> _What is being asked_: No pictures belong in the copy. Set down exactly the lines from the one that contains "Купить 68020626AC Chrysler" through the end of the data.

> _The data_:
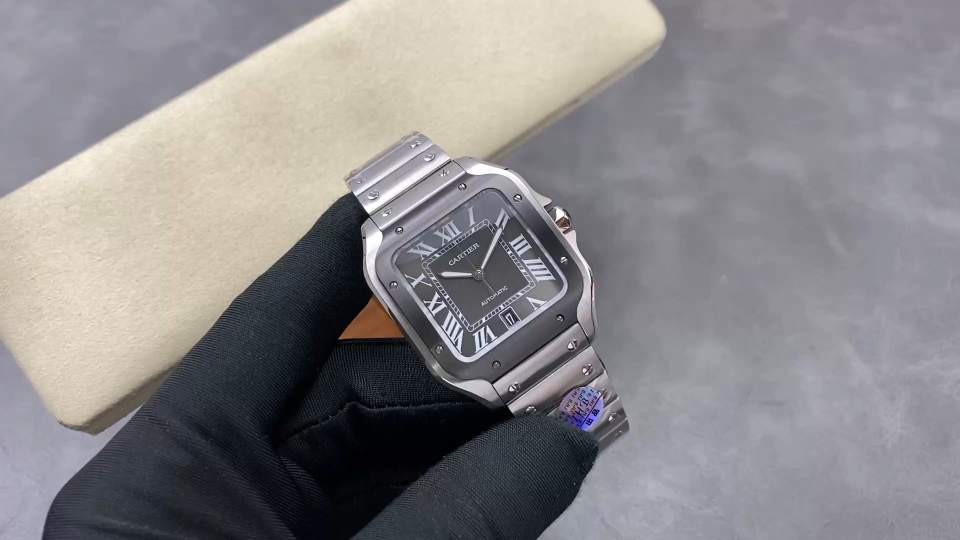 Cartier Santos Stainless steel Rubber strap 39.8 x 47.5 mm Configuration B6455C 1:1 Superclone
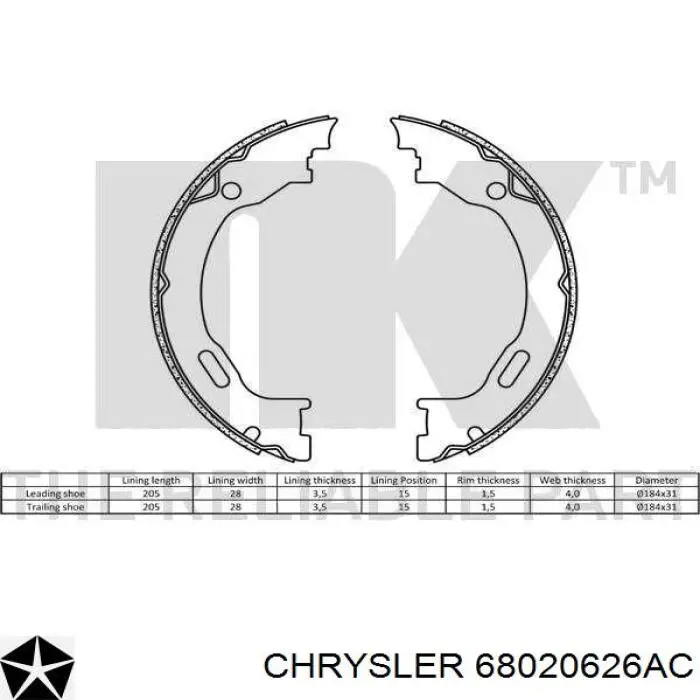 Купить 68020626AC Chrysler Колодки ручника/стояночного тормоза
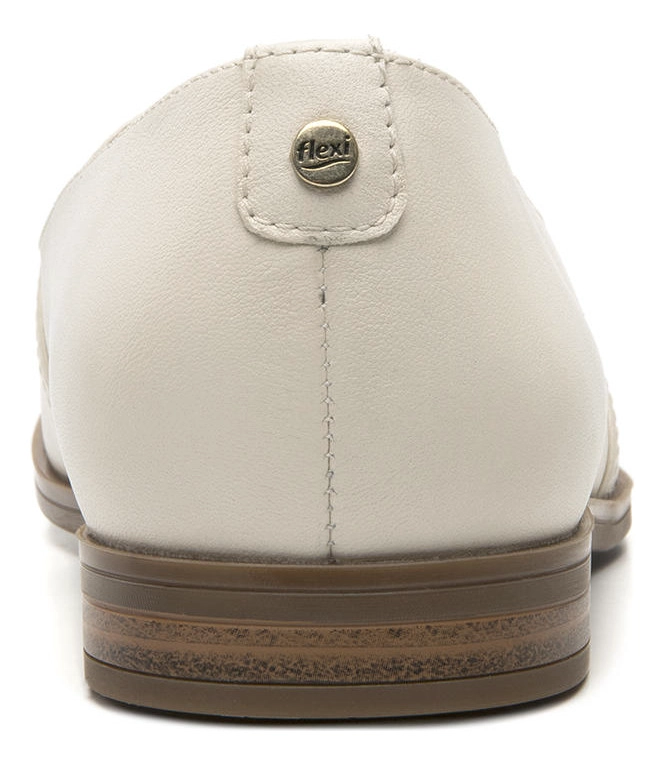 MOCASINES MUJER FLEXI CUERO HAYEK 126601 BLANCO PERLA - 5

> _Exercise answer_:
 Купить 68020626AC Chrysler Колодки ручника/стояночного тормоза
 MOCASINES MUJER FLEXI CUERO HAYEK 126601 BLANCO PERLA - 5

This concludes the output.